Same-sex marriage: Could it bring down a government?
The biggest danger to Malcolm Turnbull's leadership is not legislation to approve same-sex marriage.
It's the drive for an expensive, non-binding, voluntary plebiscite of dubious credibility which would never be agreed to by this Parliament.
In the bizarre jumble of priorities being prosecuted by some sections of the Coalition, the battle for the possibly useless national ballot is occupying scarce energy just as Labor ramps up a strong appeal to its constituency and beyond.
The debate now distracting the Liberal Party is not the proposal for a parliamentary vote on the Marriage Act. It is the insistence on something else by a small group of no-holds-barred, right-wing agitators who are determined to undermine the Prime Minister.
There are two factors identified by this disruption.
One is the disrupters recognise that a bill to allow same-sex marriage would pass if it was put to Parliament, and there would not be protests in the street.

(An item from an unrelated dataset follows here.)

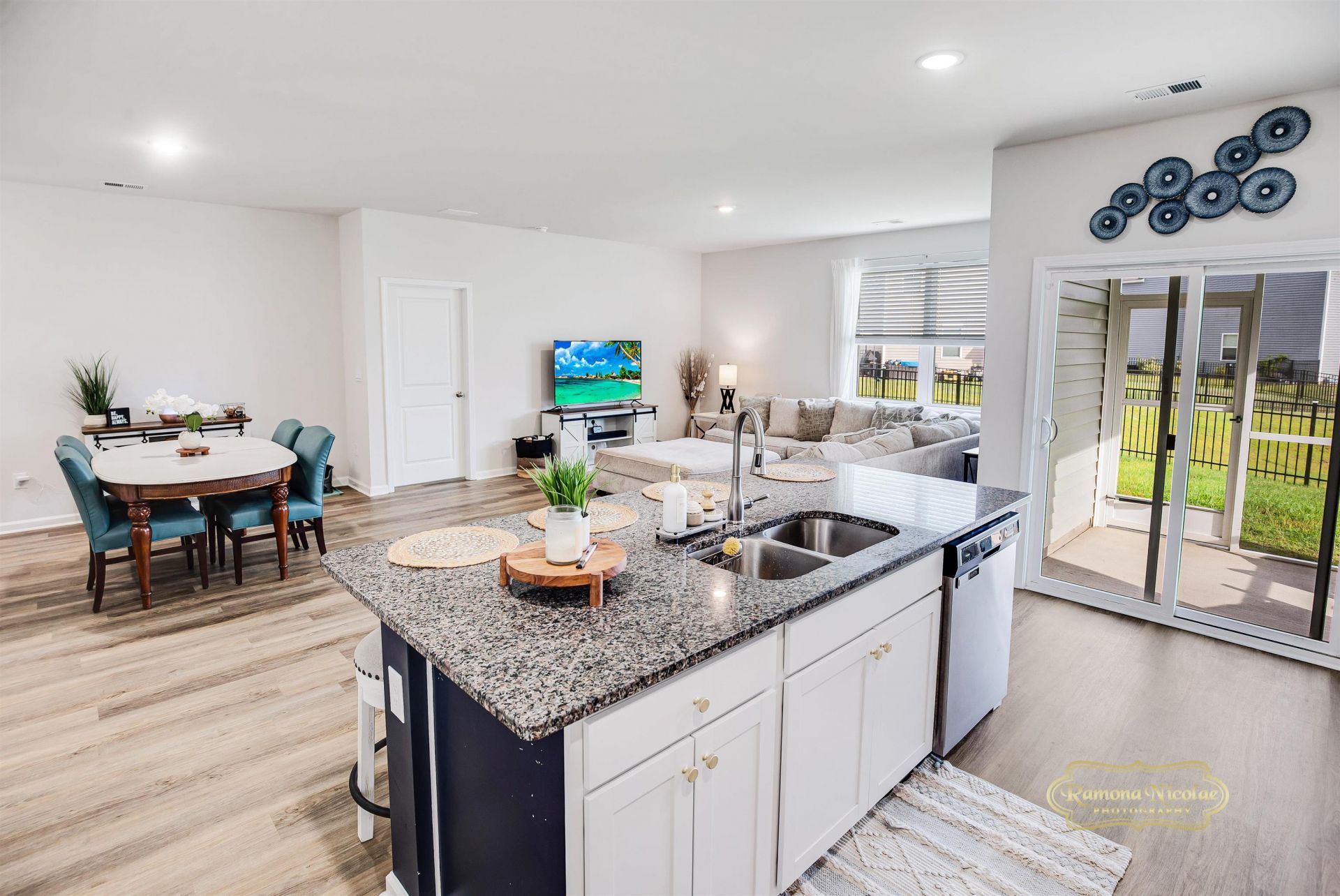 1075 Sennema Circle Photo 8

Voters just want it settled.
So their only option is legislative procrastination; serial delaying tactics.
They are being confronted by a growing and articulate group of MPs, some of them conservatives, who want the same-sex marriage matter decided by Parliament and they are being outargued.
So the agitators are switching the debate topic to the plebiscite.
They are claiming this remains binding election policy, although other parts of the election manifesto rejected by Parliament have been reshaped.
Second, this group is using the blunt instrument of the same-sex marriage plebiscite debate to wound and even remove Malcolm Turnbull as leader, and consequently heighten the risk of the Coalition losing the next election.
And through their usual media outlets they are making this known.
"It is chaos and mutiny in Canberra, let me assure you. I have spoken to Senior Cabinet Ministers who tell me Turnbull is gone," tweeted broadcaster Alan Jones today.
Labor has vigorously demonstrated that divided parties don't survive in government.
We are two years out from a scheduled election. Change the prime ministership and it will come sooner.
The no-holds-barred tag is well earned. According to some reports today the party rule book is being rewritten.
The agitators have sent the message that the proud Liberal tradition of a right to cross the floor is suspended on the same-sex plebiscite matter.
And if MPs - apparently gay MPs in particular - speak out in favour of Marriage Act changes or for a parliamentary vote, they could lose preselection as candidates.
Tony Abbott was allowed to give a closed-door address to a Liberal branch in which he unabashedly attacked his own side's May Budget, while others publicly commenting in favour of same-sex marriage are somehow party traitors.
Again, the target is Malcolm Turnbull who on Monday said: "In our party back benchers have always had the right to cross the floor. In the Labor Party you get expelled for doing that, but it has always been a fundamental principle in the Liberal Party and indeed the National Party."
Once a Coalition boast, now fighting words.